I unhitched the front hood and delivered the tools and fan belt into his hands. He immediately spread the tools in their pseudo-leather container on the grass and inspected them carefully, pausing from time to time to scrutinize the part of the engine they would be working on. Then Paul’s son said, “We’ll need to use this here one and those,” and slid the tools out of the pouch.

They tackled the engine as a coordinated team, one unscrewing nuts and bolts while the other supported. When the first section came off — after considerable tugging — it was placed with extreme care on a piece of cloth. The second section came off more easily and was placed directly over the first. The third was placed on the second.

Finally the broken fan belt was removed and the new one slipped into place. Then they carefully fitted each dismantled part into its original position and tightened everything. Paul’s son turned to me and said, “Okay, crank ’er up.”

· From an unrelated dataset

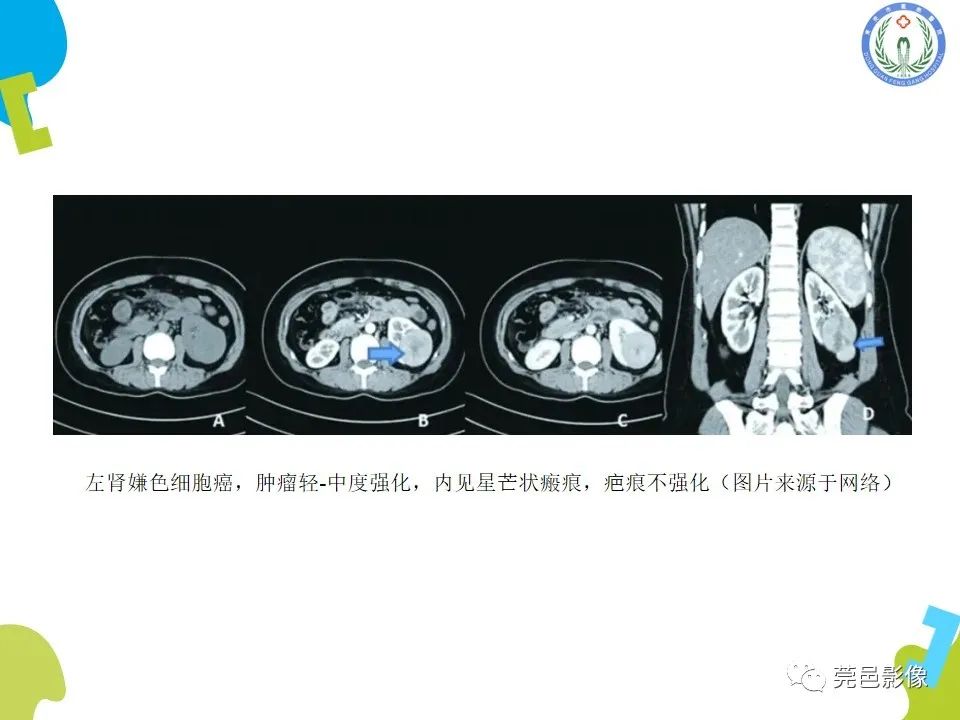 影像PPT - 【PPT】肾嫌色细胞癌影像表现及鉴别诊断-20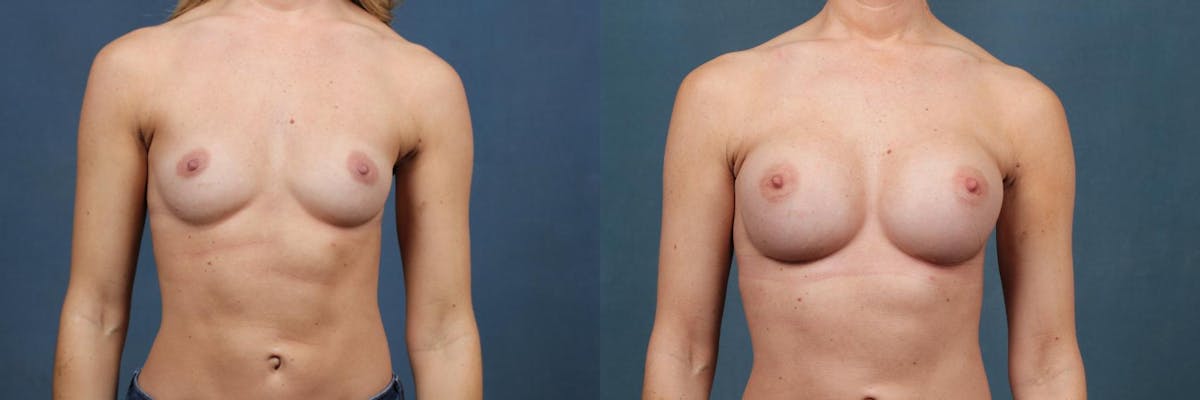 Enlargement - Silicone Before & After Gallery - Patient 395038 - Image 1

I climbed into the Porsche and did so.

The engine hummed smoothly.

“Turn ’er off,” he said

One more adjustment.

“Crank ’er up.”

The engine hummed smoothly again.

“Turn ’er off.”

“That’ll do it,” the boy announced, dusting off his hands. He and his friend carefully placed the tools back into the pouch with the same thoroughness and then shined the flashlight over the area to make certain nothing had been overlooked. They also checked inside the engine carefully before slamming the hood shut. Paul’s son picked up the tools and the mangled fan belt and asked, “Where do these go?”

“Under the tire in the front,” I directed. “In the corner. I’ll take the fan belt.”

“Naw, I got it,” he said. He tucked the pouch of tools in their appointed place as though he had been working on Porsches all his life and slammed the hood shut. “She’s ready to roll now,” he declared.

“I certainly appreciate it. I don’t know what I’d have done without you.”

“Weren’t nothing’.”

“How much do I owe you?”

“Be fifteen dollars.”

I took out my wallet and gazed into it with horror. I only had thirteen dollars. I spread the money out before him. “I can give you thirteen dollars in cash or mail you a check,” I said. “Which do you prefer?”

He looked a bit skeptical. “Shouldn’t oughta be drivin’ at night without no money,” he lectured. “Never know what might happen.”

“I’m beginning to learn that,” I agreed.

“Give us the ten. You keep the three.”

“I’ll be happy to mail you a check for the rest of it,” I offered.

“Naw. This is good.” He and his friend began to move toward the wrecker. “Y’all come see us again.”

“Well, I hope not,” I replied, smiling.

“Yeah, I reckon.” The two boys climbed into the wrecker. With a final wave Paul’s son gunned the motor into action, flipped on the gyrating blue light, and roared onto the highway. Soon the wrecker was picking up speed rapidly and moving off into the distance. I watched them until they disappeared, the darkness and the quietness of the country settling over me again.

“Now the damn thing probably won’t start,” I muttered as I climbed in. But it did, and accelerated beautifully as I brought it up to a comfortable sixty miles an hour on the flat, straight highway. The boys had done an excellent job.

“Thank God for neighborly car people,” I sang out loudly to myself. “Otherwise, where the hail would I be?”